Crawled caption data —
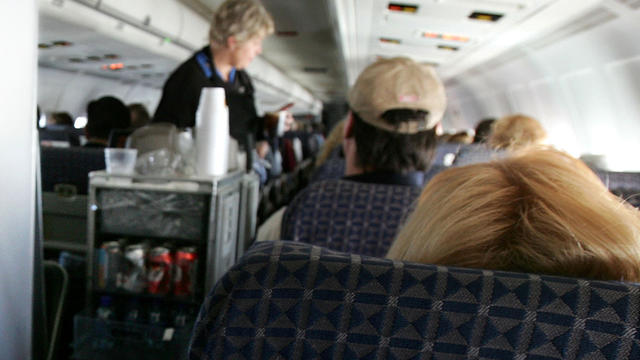 flight-attendant-drink.jpg 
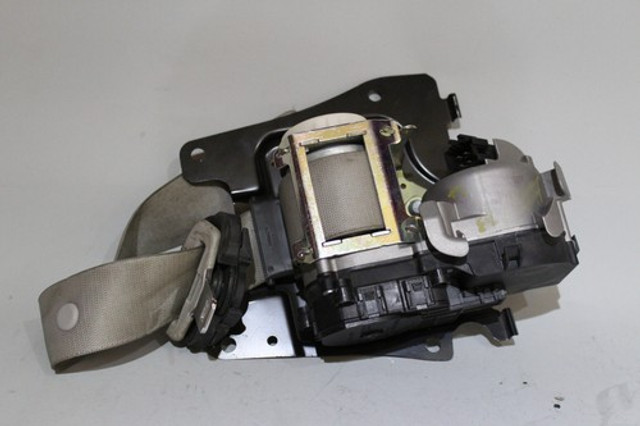 03 04 05 06 MERCEDES S500 S430 S350 RIGHT PASSENGER SIDE SEAT BELT OEM A2208600211 03 04 05 06 MERCEDES S500 S430 S350 RIGHT PASSENGER SIDE SEAT BELT OEM A2208600211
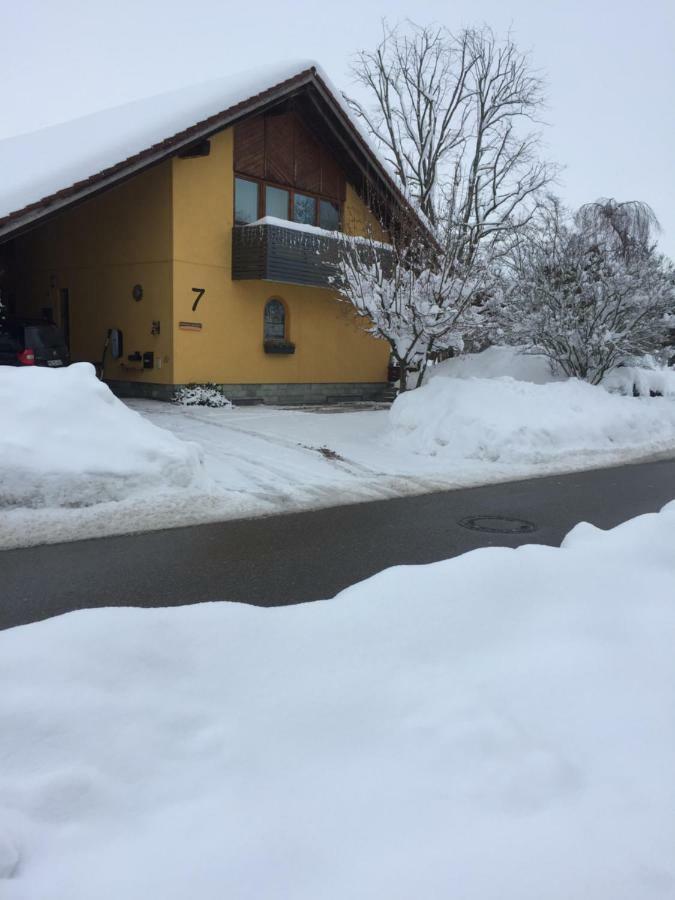 Zimmer In Lautrach Eksteriør bilde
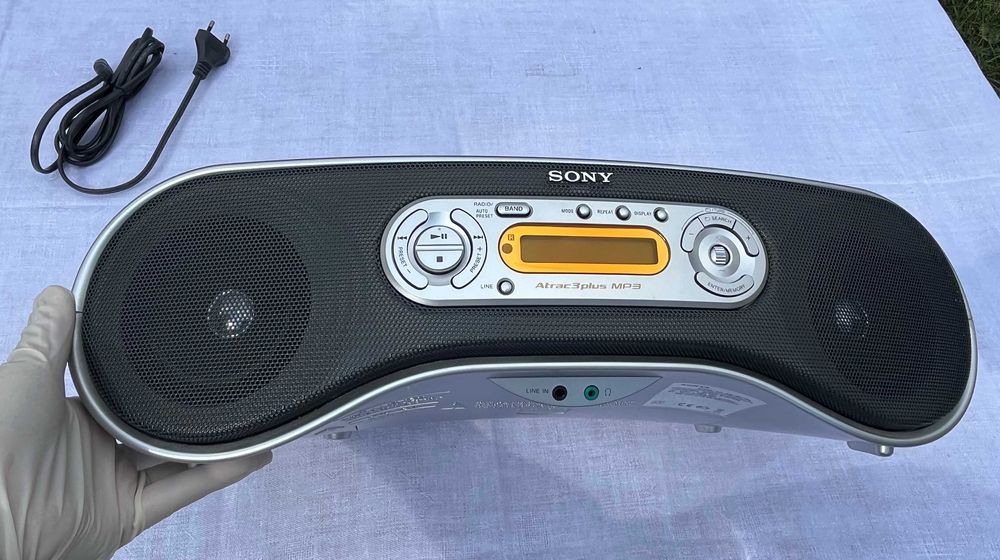 Магнитола Сони в идеальном состоянии Sony ZS-SN 10L Аудиосистема Радио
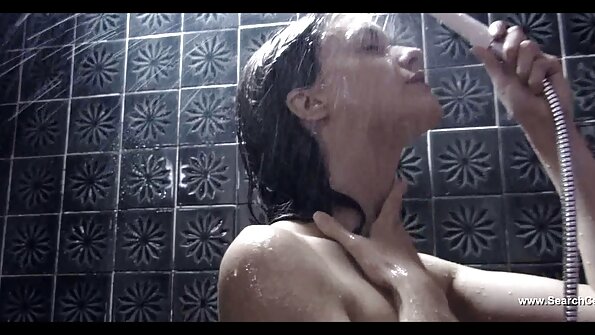 మోర్గాన్ లీ దర్శకుడి డిక్ను మింగగలడు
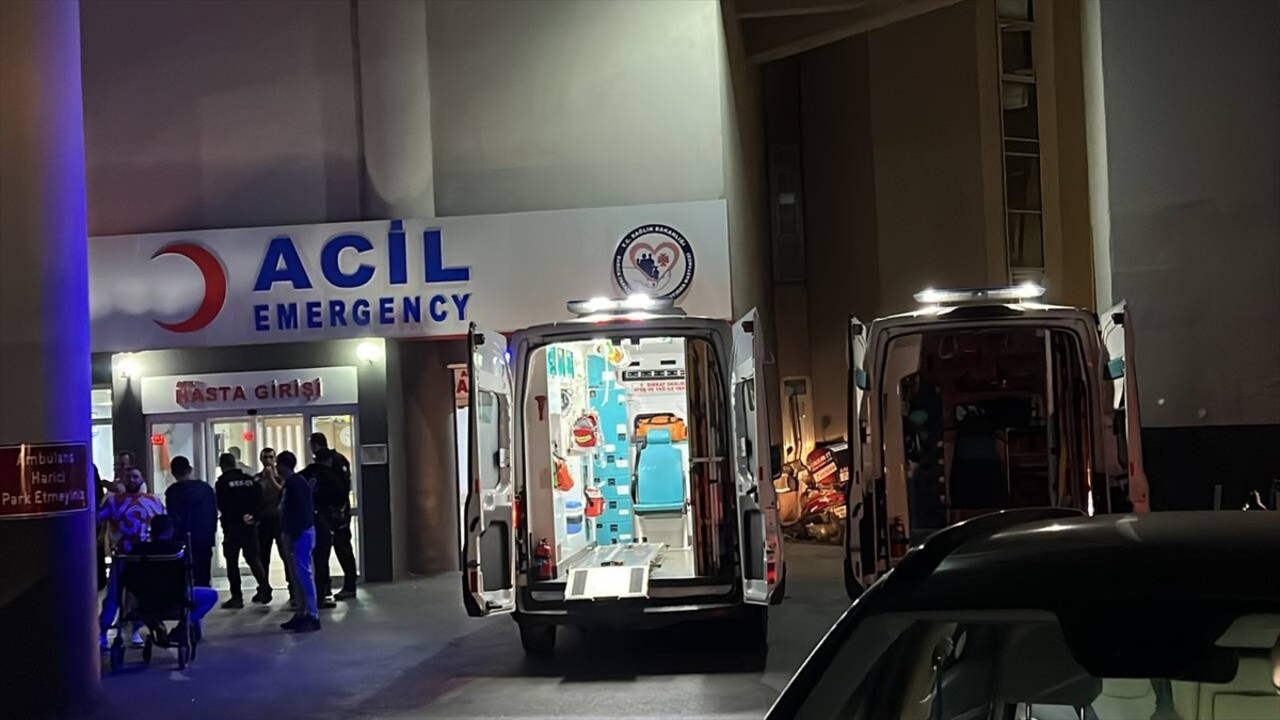 Kocaeli'nin Darıca ilçesinde çıkan silahlı kavgada 2 kişi yaralandı. Yaralılar ambulansla Farabi...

WORK REQUEST — Restate the data word for word and exclude every picture.

COMPLETED EXERCISE —
 flight-attendant-drink.jpg 
 03 04 05 06 MERCEDES S500 S430 S350 RIGHT PASSENGER SIDE SEAT BELT OEM A2208600211 03 04 05 06 MERCEDES S500 S430 S350 RIGHT PASSENGER SIDE SEAT BELT OEM A2208600211
 Zimmer In Lautrach Eksteriør bilde
 Магнитола Сони в идеальном состоянии Sony ZS-SN 10L Аудиосистема Радио
 మోర్గాన్ లీ దర్శకుడి డిక్ను మింగగలడు
 Kocaeli'nin Darıca ilçesinde çıkan silahlı kavgada 2 kişi yaralandı. Yaralılar ambulansla Farabi...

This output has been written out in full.